Monday, November 20, 2006

Sound of a Voice / Hotel of Dreams

Jerry Langford weighs in again:

Saw one of the most haunting evenings of theatre ever last night--Woodruff's production of the Philip Glass/David Henry Hwang chamber operas The Sound of a Voice and Hotel of Dreams.

Two short pieces where Glass compresses his oceanic style into six, mostly Asian-derived instruments and two voices. In the first, a samurai stops and stays in a rural hut where a widow tends to him. In nine long scenes, the arctic crust surrounding their hearts slowly thaws, with heartbreaking, rather than heart-warming, results. In the second, an aging writer finds an urban Japanese brothel where old men are permitted to sneak into bedrooms and lie chastely next to sleeping young girls who are the same age as their widows when the old men first met them.
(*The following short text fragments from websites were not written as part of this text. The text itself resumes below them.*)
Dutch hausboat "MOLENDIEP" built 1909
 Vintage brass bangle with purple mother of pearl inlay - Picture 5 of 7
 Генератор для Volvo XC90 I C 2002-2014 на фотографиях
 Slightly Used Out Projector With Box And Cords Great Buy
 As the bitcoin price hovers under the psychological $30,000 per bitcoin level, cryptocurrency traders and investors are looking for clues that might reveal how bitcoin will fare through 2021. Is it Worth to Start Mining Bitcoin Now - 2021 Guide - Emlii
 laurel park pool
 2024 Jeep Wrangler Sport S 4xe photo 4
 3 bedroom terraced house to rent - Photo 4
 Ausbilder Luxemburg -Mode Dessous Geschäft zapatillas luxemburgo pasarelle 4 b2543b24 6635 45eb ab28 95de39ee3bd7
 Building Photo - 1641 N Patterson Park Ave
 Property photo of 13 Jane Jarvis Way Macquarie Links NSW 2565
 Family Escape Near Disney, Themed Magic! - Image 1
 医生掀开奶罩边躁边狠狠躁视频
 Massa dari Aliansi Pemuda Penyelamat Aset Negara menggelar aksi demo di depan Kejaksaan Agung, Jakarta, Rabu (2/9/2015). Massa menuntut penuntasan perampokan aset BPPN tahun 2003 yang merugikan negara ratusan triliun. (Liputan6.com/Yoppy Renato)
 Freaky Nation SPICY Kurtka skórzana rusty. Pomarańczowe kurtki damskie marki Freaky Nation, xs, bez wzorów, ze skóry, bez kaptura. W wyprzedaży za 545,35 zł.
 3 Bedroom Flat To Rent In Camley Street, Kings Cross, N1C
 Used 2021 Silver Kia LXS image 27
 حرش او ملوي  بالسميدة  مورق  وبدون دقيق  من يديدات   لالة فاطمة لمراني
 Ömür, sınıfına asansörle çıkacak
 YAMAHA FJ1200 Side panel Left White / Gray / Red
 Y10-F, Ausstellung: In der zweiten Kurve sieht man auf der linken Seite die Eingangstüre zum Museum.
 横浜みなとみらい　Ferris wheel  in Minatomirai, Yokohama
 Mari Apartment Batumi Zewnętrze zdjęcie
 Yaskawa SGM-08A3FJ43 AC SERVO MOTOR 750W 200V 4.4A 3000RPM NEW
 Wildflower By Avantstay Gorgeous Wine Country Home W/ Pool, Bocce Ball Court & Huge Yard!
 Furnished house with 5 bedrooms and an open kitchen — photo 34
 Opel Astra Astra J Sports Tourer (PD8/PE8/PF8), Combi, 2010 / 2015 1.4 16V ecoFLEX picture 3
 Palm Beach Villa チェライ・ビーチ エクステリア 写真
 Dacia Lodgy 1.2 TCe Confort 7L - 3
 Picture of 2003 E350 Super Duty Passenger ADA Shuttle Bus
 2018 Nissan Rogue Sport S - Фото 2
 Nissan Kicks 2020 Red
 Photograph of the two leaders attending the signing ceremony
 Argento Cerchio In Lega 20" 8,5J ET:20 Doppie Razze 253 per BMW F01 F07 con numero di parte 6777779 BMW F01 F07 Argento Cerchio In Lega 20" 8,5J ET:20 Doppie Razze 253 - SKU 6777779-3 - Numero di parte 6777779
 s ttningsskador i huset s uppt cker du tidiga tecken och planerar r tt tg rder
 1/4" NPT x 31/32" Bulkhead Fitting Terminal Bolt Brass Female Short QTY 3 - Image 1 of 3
Who would think that these profound conceits, so insightful about the nature of men and women's interaction, particularly the self-destructiveness of men, and into both men and women's relationship to mortality, could have come from the author of Disney's Tarzan and Flower Drum Song 2.0? And not just that--he wrote these pieces at age 21! Or that Glass could be capable of such simplicity and delicacy?

I always hate hearing people talk of those things "that only theatre can do," but Voice/Hotel showed those things only opera can do. The almost unbearable climaxes of both pieces could never be attained in spoken theatre. And the fine brushwork by Woodruff and by the scenic designer Bob Israel are nonpareil.

It's exciting to have seen two truly great pieces in the theatre this year--Foreman's What to Wear at the REDCAT and Robert's double bill. Maybe not so exciting that I *don't* see great theatre that *isn't* by the same handful of great artists I loved one-half of my lifetime ago. But we have to be grateful for small favors. (To be fair, one other great show this year: Stefan's Novinski's O'Neill-like rendering of William Saroyan's Time of Your Life.)

I recommend sticking with music theatre. That seems to be the one spot where the good stuff happens.